_INSTRUCTIONS TO FOLLOW_
Omitting every picture, output the records below exactly, please.
(SOURCE MATERIAL)
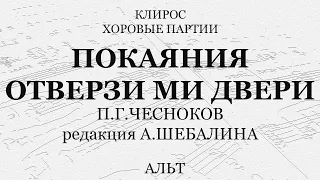 Покаяния отверзи ми двери. Чесноков. Альт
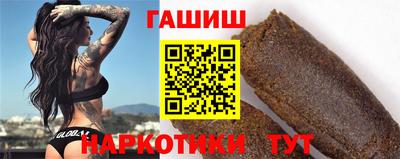 дурь Камышлов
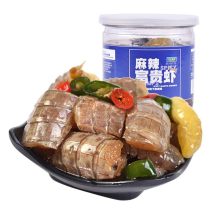 即食方便食品厂商公司 2020年即食方便食品最新批发商 即食方便食品厂商报价 虎易网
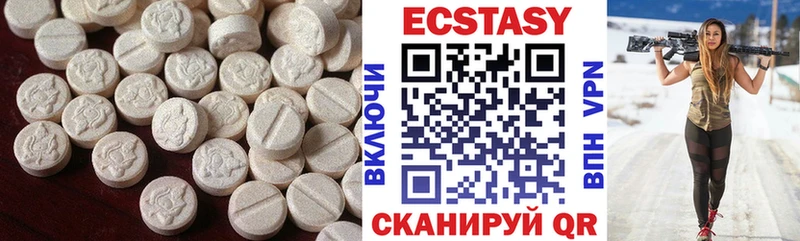 ЭКСТАЗИ mix  Данилов 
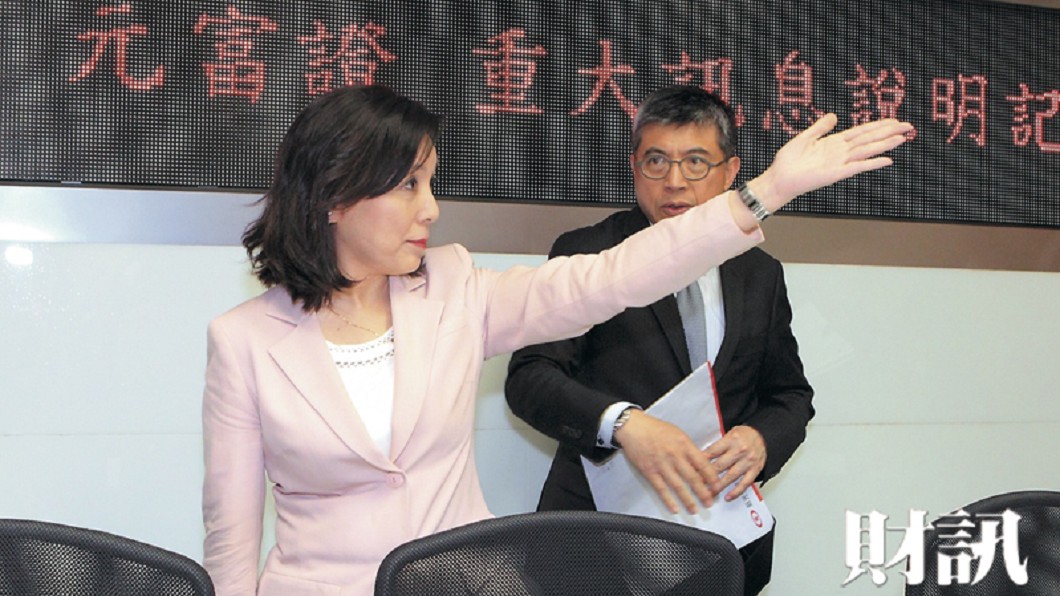圖／財訊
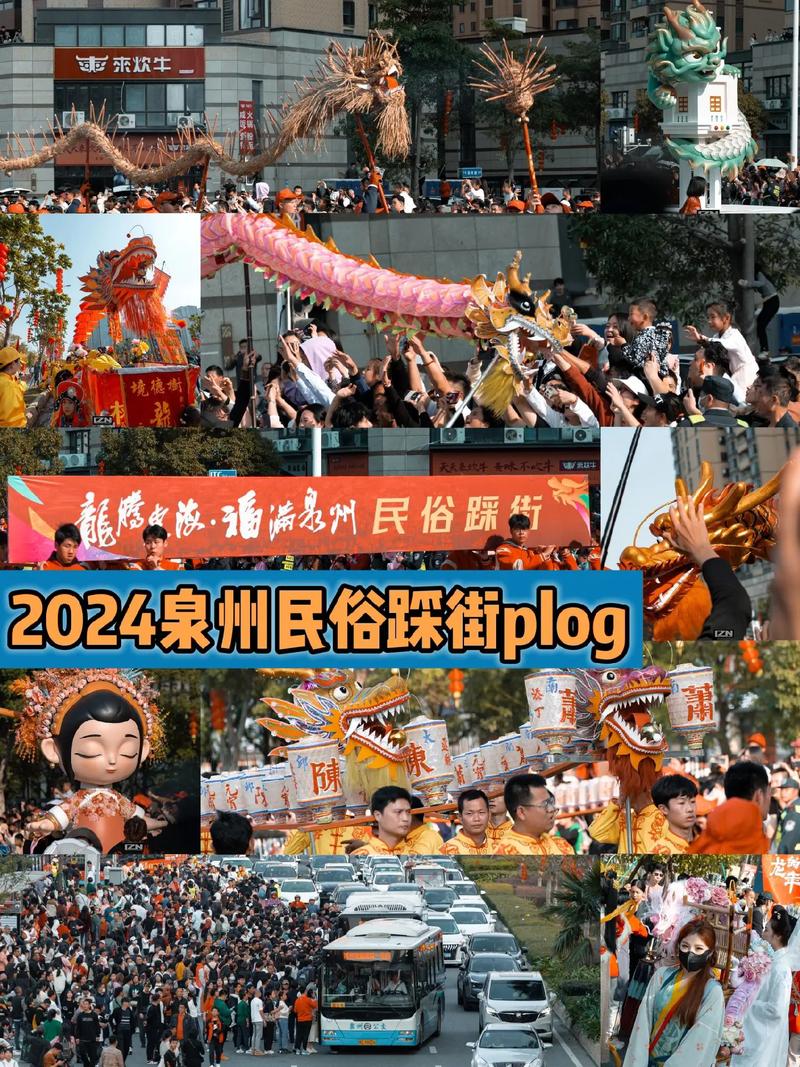 (新春见闻)福建泉州时隔20年重启民俗踩街 线下参与人数逾30万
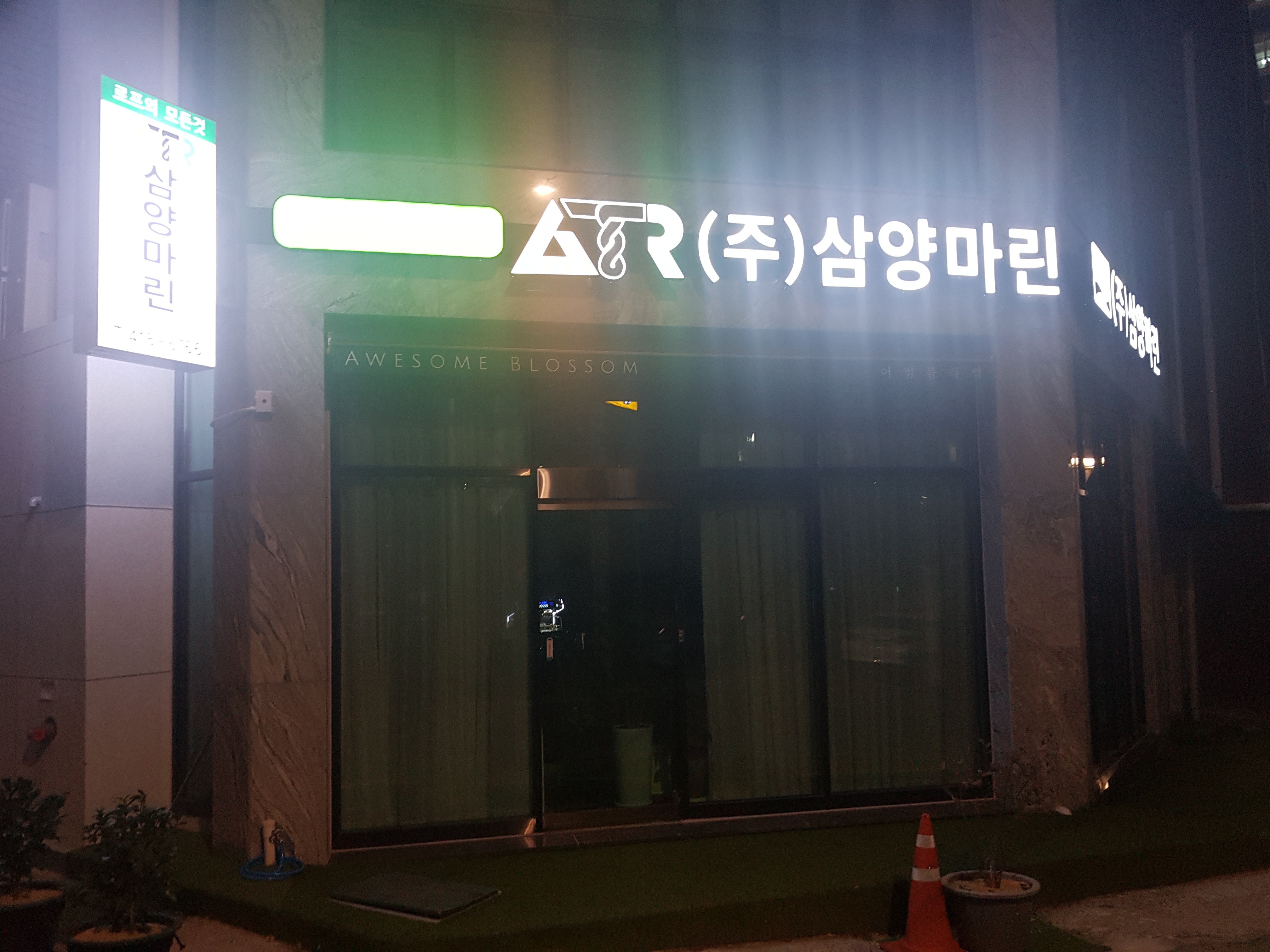 삼양마린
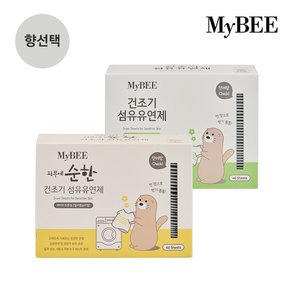 건조기 섬유유연제 40매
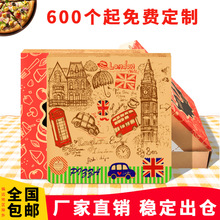 加厚黑色厨师披萨盒9 10寸现货 外卖打包pizza盒批发彩色比萨厂家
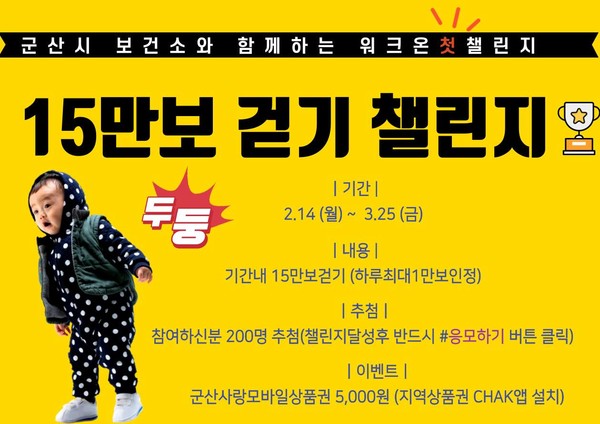 군산시, 15반보 걷기 챌린지. 군산시 제공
(End SOURCE MATERIAL)
_EXPECTED ANSWER_
 Покаяния отверзи ми двери. Чесноков. Альт
 дурь Камышлов
 即食方便食品厂商公司 2020年即食方便食品最新批发商 即食方便食品厂商报价 虎易网
 ЭКСТАЗИ mix  Данилов 
圖／財訊
 (新春见闻)福建泉州时隔20年重启民俗踩街 线下参与人数逾30万
 삼양마린
 건조기 섬유유연제 40매
 加厚黑色厨师披萨盒9 10寸现货 外卖打包pizza盒批发彩色比萨厂家
 군산시, 15반보 걷기 챌린지. 군산시 제공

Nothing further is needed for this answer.